A Sure-Fire Way to Improve Your Roof Top Tent
- Details
- by Mark Stephens on Thu Dec 2, 2010 - (5) Comments

Hannibal and Maggiolina Roof Top Tents on the Beach in Baja, Mexico showing off their custom LED light installations
If You Have A Roof Top Tent, You Need To Do This
Okay, so you've read this far. You're a roof top tent owner? Or potential one?
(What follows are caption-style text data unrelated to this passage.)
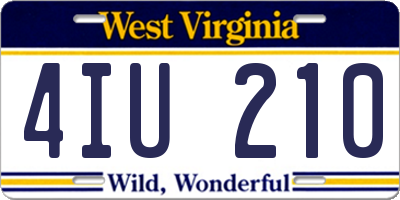 WV license plate 4IU210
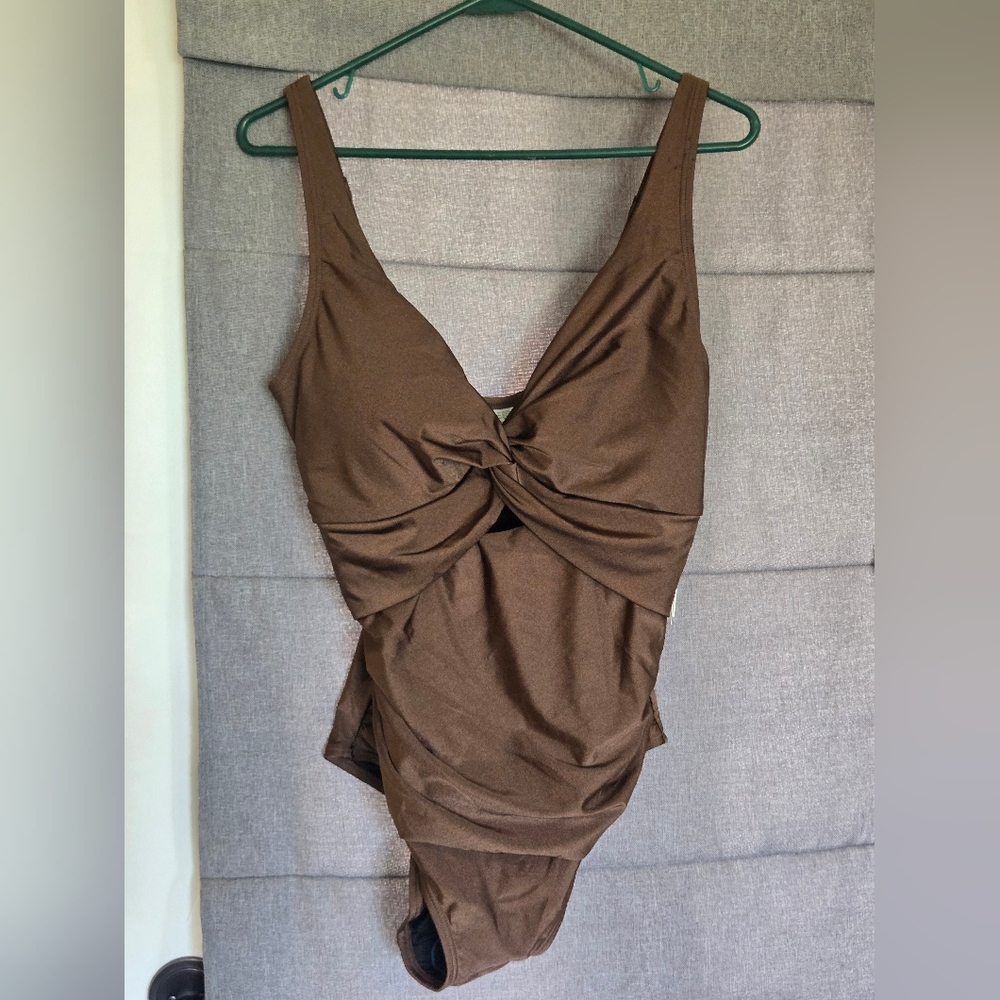 DKNY One Piece Womens Small Brown Twisted Knot Ruched‎ Swimsuit Beachwear - Picture 7 of 10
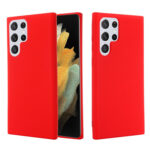 For Samsung Galaxy S22 Ultra 5G Pure Color Liquid Silicone Shockproof Full Coverage Phone Case(Red)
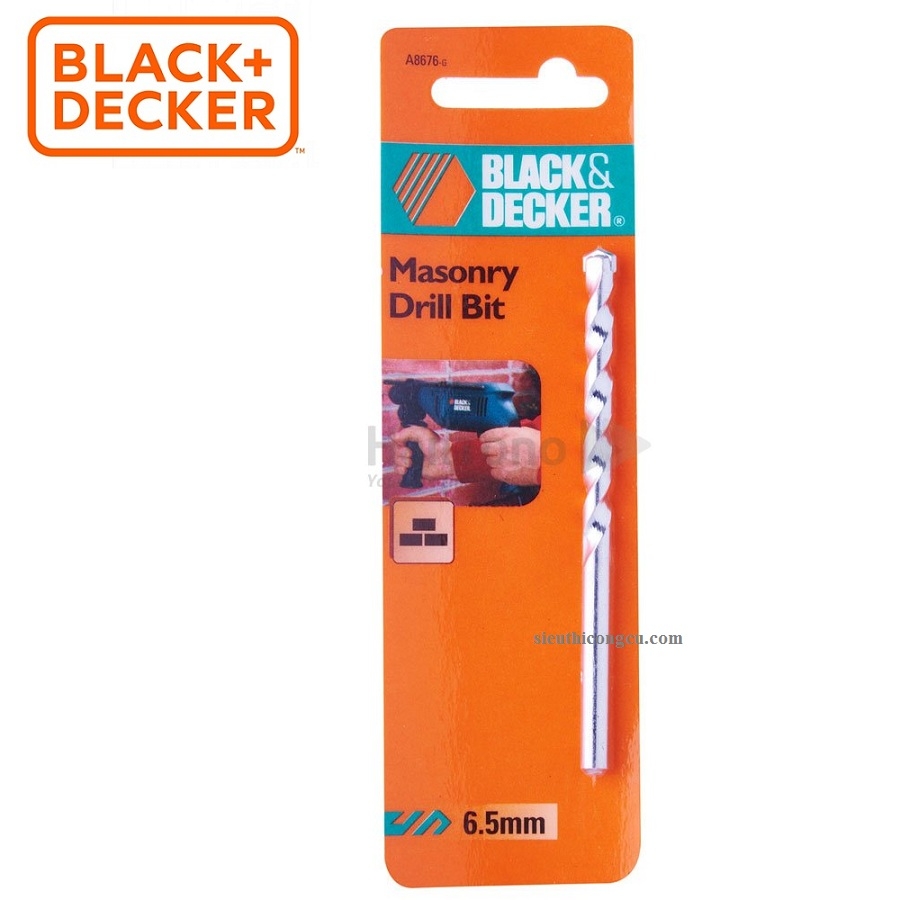 Mũi khoan bê tông 6.5mm Black+Decker A8676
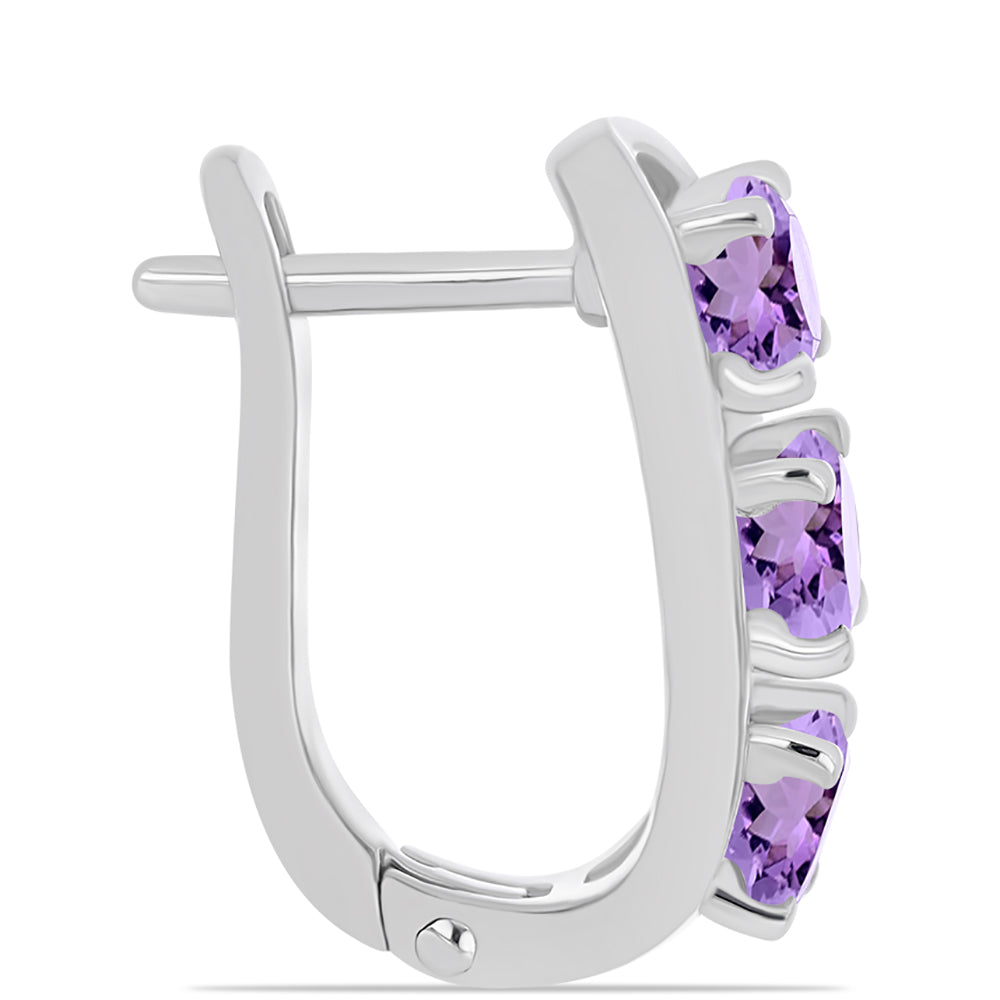 Cercei din Argint 925 ( 5.49 grame ) cu Ametist Rose de France 2.6 Carate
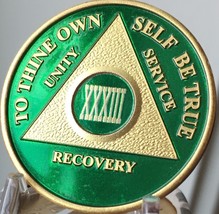 33 Year AA Medallion Green Gold Plated Alcoholics Anonymous Sobriety Chi... - £16.29 GBP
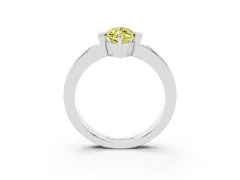 Fancy Yellow Marquise Cut Diamond Channel-Set Band Ring Set in Silver with Bezel Prong Setting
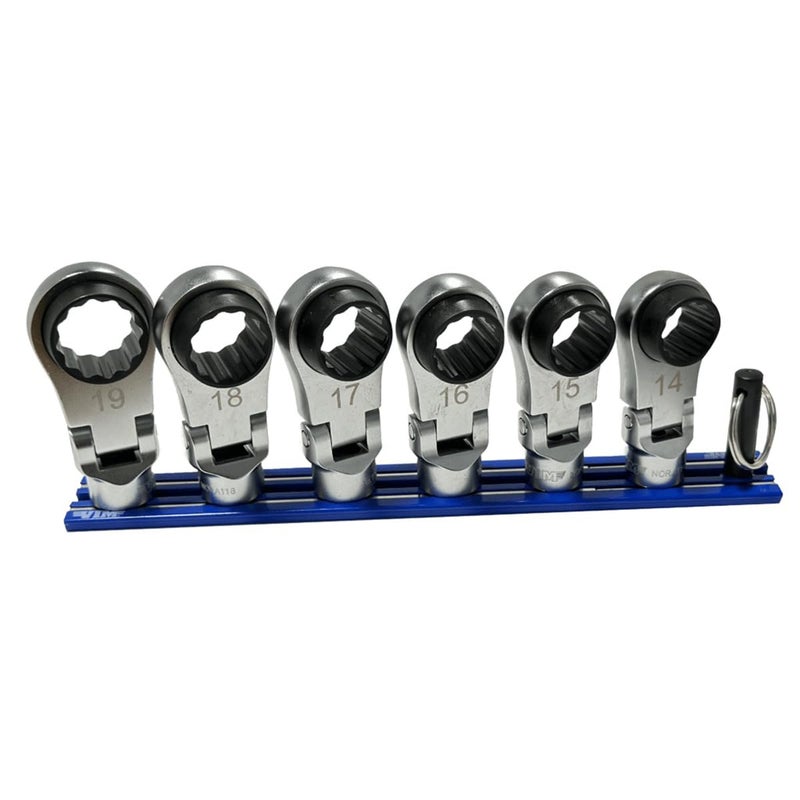 VIM 6 PC. 12PT Nano Flex Offset RATCHETING Attachment Set - 3/8" Drive (14-19MM) - Image 2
You know the the major problem with owning a roof top tent - and I don't care if it's an Eezi-Awn, a Camping Lab, a Hannibal, or a Technitop, the problem is the same: they're super comfortable, super easy to set up and take down, but dammit they're super irritating because you're still stuck with a headlamp attached to your head if you have any care at all to read a book or put on some jammies.
Seriously, it's like going to an awesome world-famous pizzeria with incredible pie, but you have to bring your own cheese. Or worse, it's like going to Mom's house and having to cook your own meals.
Roof top tents have comfy mattresses, superior tent walls and all that jazz but they don't have lights inside. Which is a deficiency of epic proportions. A giant-sized "WTF?"
Here's the solution: get yourself some LED strips (like these at Ikea www.ikea.com/us/en/catalog/products/50119407). This set in particular is actually designed for installation under your home cabinetry or bookcases; they run on 110 volts. But this is an easy fix: cut the little transformer box out of the power cord and re-splice the wires together. That's it.
The Install Takes Fewer Than 10 Minutes & Makes You Happy Forever*
The package of LED strips I've linked to come in a set of four, each strip 10" long and about 1/4" wide. Get ready:
- You just use some zip straps to tie one strip to each support bar in the roof of your roof tent
- Run the power wire out of the tent at the hinge
- Connect the wire to your battery
- You're done. Go on a trip.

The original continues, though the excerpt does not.